Premis diartikan sebagai landasan pokok drama, sedangkan tema adalah
penggarapan gagasan pokok yang didukung oleh jalinan unsur tokoh, alur,
dan latar cerita serta diformulasikan lewat dialog.
Untuk menganalisis
tema kita harus membaca seluruh lakon, dan memahaminya. Kita harus
mencermati peristiwa-peristiwa konflik dalam lakon. Konflik dalam drama
berkaitan erat dengan tema lakon. Kita perlu memahami seluruh sepak
terjang tokoh utamanya, sebab tokoh utama biasanya diberi tugas penting
untuk mengusung tema lakon.
Untuk itu, kepada
tokoh utama perlu diajukan pertanyaan misalnya: permasalahan (konflik)
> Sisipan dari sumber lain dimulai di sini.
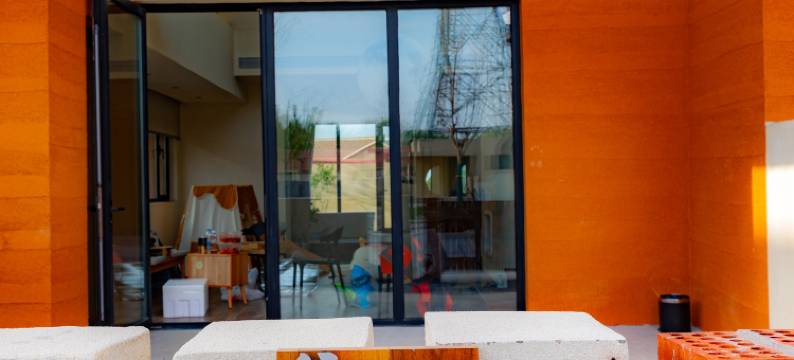 盆罐陶然精品民宿图片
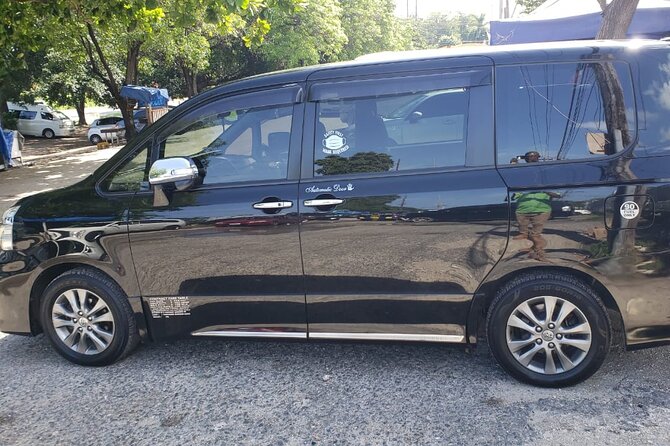 Riu Ocho Rios Jamaica Private Airport Transfer - Included and Excluded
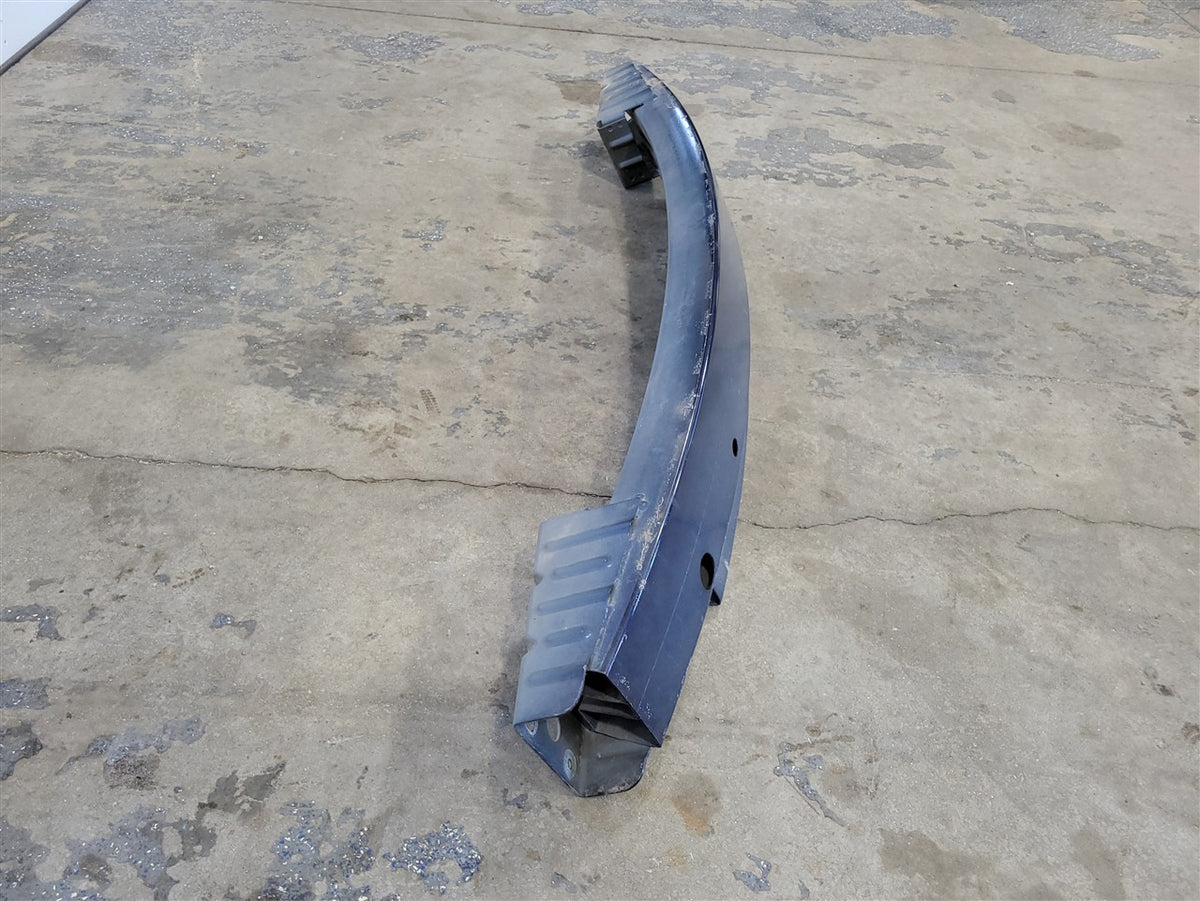 Used OEM 2010-2015 CAMARO REAR BUMPER REBAR REINFORCEMENT IMPERIAL, actual item photo 7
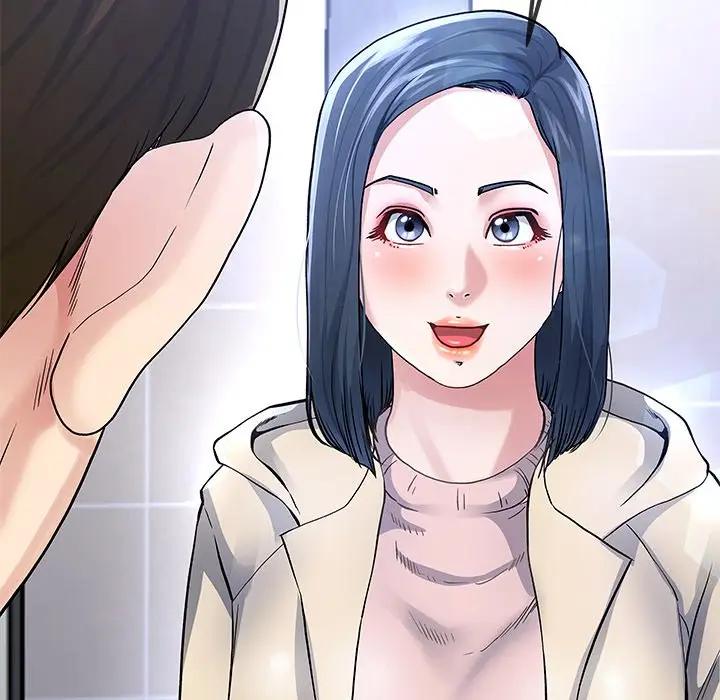 第 46 话_单身爸爸想恋爱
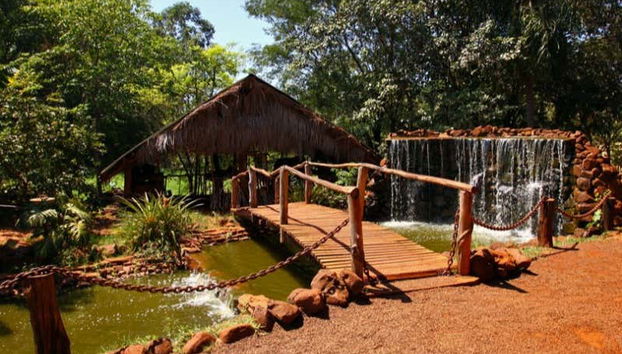 Excursión a Puerto Iguazú - Foto 3, La Aripuca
apa yang dihadapinya, selain tokoh utama, siapa sajakah yang terlibat
dalam permasalahan (konflik), bagaimana sikap dan pandangannya terhadap
permasalahan (konflik) itu, bagaimana cara berpikir tokoh utama dalam
menghadapi permasalahan (konflik), apa yang dilakukannya, dan bagaimana
ia mengambil keputusan terhadap permasalahan (konflik) yang dihadapinya.
Analisis Amanat
Amanat adalah pesan
yang disampaikan oleh pengarang melalui lakon dramanya, dan bagaimana
jalan keluar yang diberikan pengarang terhadap permasalahan yang
dipaparkannya. Amanat erat kaitannya dengan makna, dan bersifat
subjektif. Setiap pembaca bebas menafsirkan apa amanat drama yang
dibacanya itu baginya.
Ada dua cara
penyampaian pesan, yaitu secara langsung (tersurat) dan secara tidak
langsung (tersirat). Pesan secara langsung biasanya dititipkan oleh
penulis lakon lewat tokoh-tokoh cerita
yang berlakuan dalam lakonnya. Kadang-kadang pesan yang ingin
disampaikan itu kurang ada hubungannya dengan cerita, atau sesuatu yang
sebenarnya berada di luar unsur lakon itu sendiri.
Sebaliknya pesan
secara tidak langsung, biasanya disampaikan oleh pengarang lakon secara
tersirat dalam kisahan, dan terpadu secara koherensif dengan unsur-unsur
cerita yang lain. Apabila kita ingin menafsirkan apa amanat yang mau
disampaikan oleh pengarang kepada pembaca, pesan-pesan itu dapat digali
melalui peristiwa-peristiwa, konflik-konflik, sikap dan tingkah laku
para tokoh dalam menghadapi peristiwa dan konflik itu, baik yang tampak
dalam tingkah laku verbal, fisik, maupun yang hanya terjadi dalam
perasaan dan pikirannya.
Dasar-dasar Bermain Peran
Untuk menjadi
seorang pemain, diperlukan kemampuan dasar-dasar peran seperti kesadaran
indra, ekspresi, improvisasi, pernapasan laku, vokal, dan
karakterisasi. Kesadaran indra meliputi penglihatan, pendengaran,
penciuman, perabaan, dan pengecapan. Kesadaran ini diperlukan untuk
menciptakan alasan bagi laku yang dilakukan pemain di atas pentas.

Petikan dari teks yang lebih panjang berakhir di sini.